**The task**
For this item, repeat the material exactly while omitting its pictures.

**Provided data**
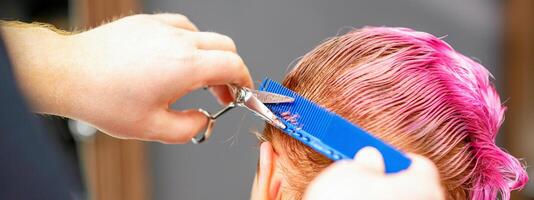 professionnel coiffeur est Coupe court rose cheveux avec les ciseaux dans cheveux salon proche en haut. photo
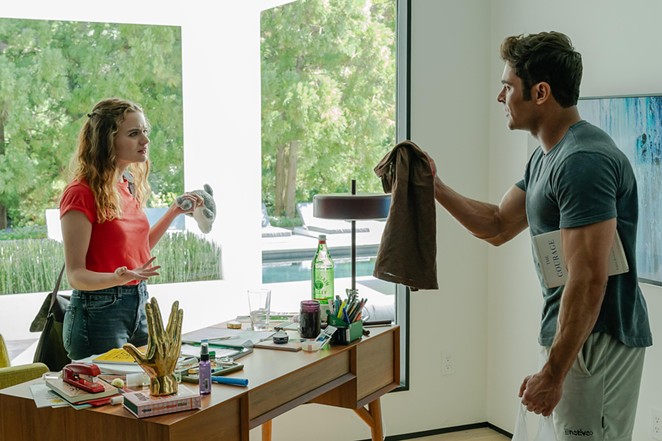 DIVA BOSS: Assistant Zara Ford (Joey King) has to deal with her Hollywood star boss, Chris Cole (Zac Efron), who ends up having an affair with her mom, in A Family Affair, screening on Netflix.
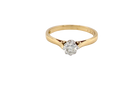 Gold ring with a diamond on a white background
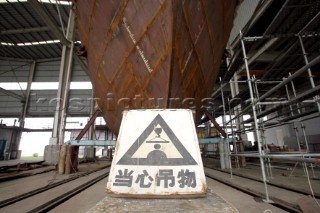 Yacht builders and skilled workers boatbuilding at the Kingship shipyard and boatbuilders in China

**Solution for this task**
 professionnel coiffeur est Coupe court rose cheveux avec les ciseaux dans cheveux salon proche en haut. photo
 DIVA BOSS: Assistant Zara Ford (Joey King) has to deal with her Hollywood star boss, Chris Cole (Zac Efron), who ends up having an affair with her mom, in A Family Affair, screening on Netflix.
 Gold ring with a diamond on a white background
 Yacht builders and skilled workers boatbuilding at the Kingship shipyard and boatbuilders in China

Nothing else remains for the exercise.